YOUR INSTRUCTIONS:
One part of the entries below is wanted: the lines from the one containing "Deluxe Wooden 4" through the one containing "Generisch Whirlie Cat". Write those out exactly and nothing else.

DATA SECTION:

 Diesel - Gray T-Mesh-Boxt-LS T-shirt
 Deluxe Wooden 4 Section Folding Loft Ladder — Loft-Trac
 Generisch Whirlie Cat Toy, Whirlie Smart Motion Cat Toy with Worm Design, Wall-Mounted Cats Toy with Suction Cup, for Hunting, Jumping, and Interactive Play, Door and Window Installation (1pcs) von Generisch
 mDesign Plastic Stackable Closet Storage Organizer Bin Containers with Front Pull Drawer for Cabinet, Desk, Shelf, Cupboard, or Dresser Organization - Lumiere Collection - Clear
==
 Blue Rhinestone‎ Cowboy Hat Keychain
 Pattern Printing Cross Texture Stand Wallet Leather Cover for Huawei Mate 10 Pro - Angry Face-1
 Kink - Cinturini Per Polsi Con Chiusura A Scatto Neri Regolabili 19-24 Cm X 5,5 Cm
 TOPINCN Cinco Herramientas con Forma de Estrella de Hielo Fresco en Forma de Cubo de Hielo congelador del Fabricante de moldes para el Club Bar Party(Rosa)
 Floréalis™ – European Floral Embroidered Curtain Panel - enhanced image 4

RESULT OF THIS EXERCISE:
 Deluxe Wooden 4 Section Folding Loft Ladder — Loft-Trac
 Generisch Whirlie Cat Toy, Whirlie Smart Motion Cat Toy with Worm Design, Wall-Mounted Cats Toy with Suction Cup, for Hunting, Jumping, and Interactive Play, Door and Window Installation (1pcs) von Generisch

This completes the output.